Lab | Reading About Statistic Concepts

Introduction

In the future, you will need to understand deep statistical concepts by reading technical articles. As a training for that, it is interesting to start from here. Also, as we have limited time, this is a way to have some self guided learning to understand everything better and have a wider knowledge.

This week you will find some questions here that you will need to answer by documentating yourself. So you will do a different PR for each question (you are meant to answer the questions in different days). Don't hesitate to write as many text as you need and push images if you need them.

Remember for this lab: there is a right answer. But there is no perfect way to explain it (except for in a mathematical way, but this is another story).

Challenges

Challenge 1: What is the difference between expected value and mean?

You know both concepts but, is there a difference? Are they synonims? Start investigating.

As a good reference (once you have looked for some information) you have this article.

Challenge 2: What is the "problem" in science with p-values?

We have told you that a lot of scientifical investigations are based on p-values. The last week, Nature magazine published an article regarding the problem. Start digging on it!

Don't hesitate to use more articles if you want to :)

Challenge 3: Applying testing to a specific case: A/B testing.

A/B testing is a widely used tool to understand differences between two samples. It is a way to measure the impact of something we did:

A marketing campaign.
A new feature in our application.
A new design in our application.
A different flow in the User Experience flow.

To do this, is very important first to design our experiment.

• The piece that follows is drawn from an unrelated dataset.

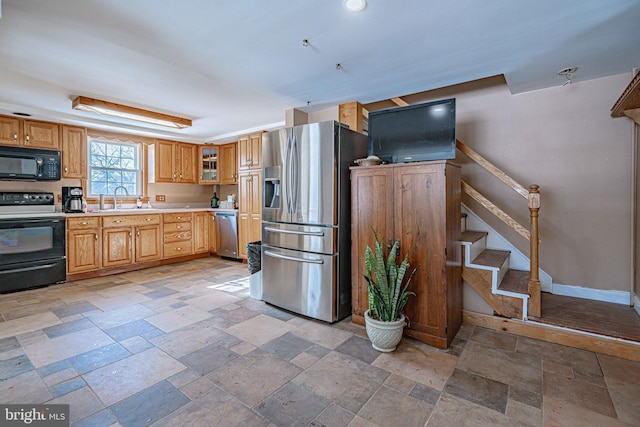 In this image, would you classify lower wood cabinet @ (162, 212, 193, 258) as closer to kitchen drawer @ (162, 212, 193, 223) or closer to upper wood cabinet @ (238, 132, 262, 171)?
kitchen drawer @ (162, 212, 193, 223)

We need to know how we are measuring the impact. If people has the behaviour we want with this new implementation.
We choose a control group (people who doesn't have/see the new change) and the group which will see the new change.
We think about how much data do we need.
We measure the difference between them.

One example: Our application has a lot of mini-games. We want people to reach the games that we think are the best but the behaviour is not the expected, they don't reach them.

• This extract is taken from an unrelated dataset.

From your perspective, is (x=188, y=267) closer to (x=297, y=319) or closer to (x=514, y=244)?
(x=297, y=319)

So we call a designer and after a lot of work he shows us a new design for our application: we will add a button specific for that kind of games inviting the users to click on it:

Click here to discover cool games!

We think it will work but can we be sure? So instead of implementing this new button for all users, we implement it for 10% and we compare the results with the users that didn't have it. Is there a significant difference? Is our button working?

Read more about A/B testing with a couple of examples:

Another example about Netflix here

What happened to Basecamp

An example with Python

A cool general explanation

So, take one single example in the articles you just read, which specific test/s would you apply? (We want you just to do a draft and think a little bit how to apply the tests you already know in this case)

Deliverables

You need to submit a markdown file with the answers to the questions above. You can create a new .md file or directly edit the README.md.

Submission

Upon completion, add your deliverables to git. Then commit git and push your branch to the remote.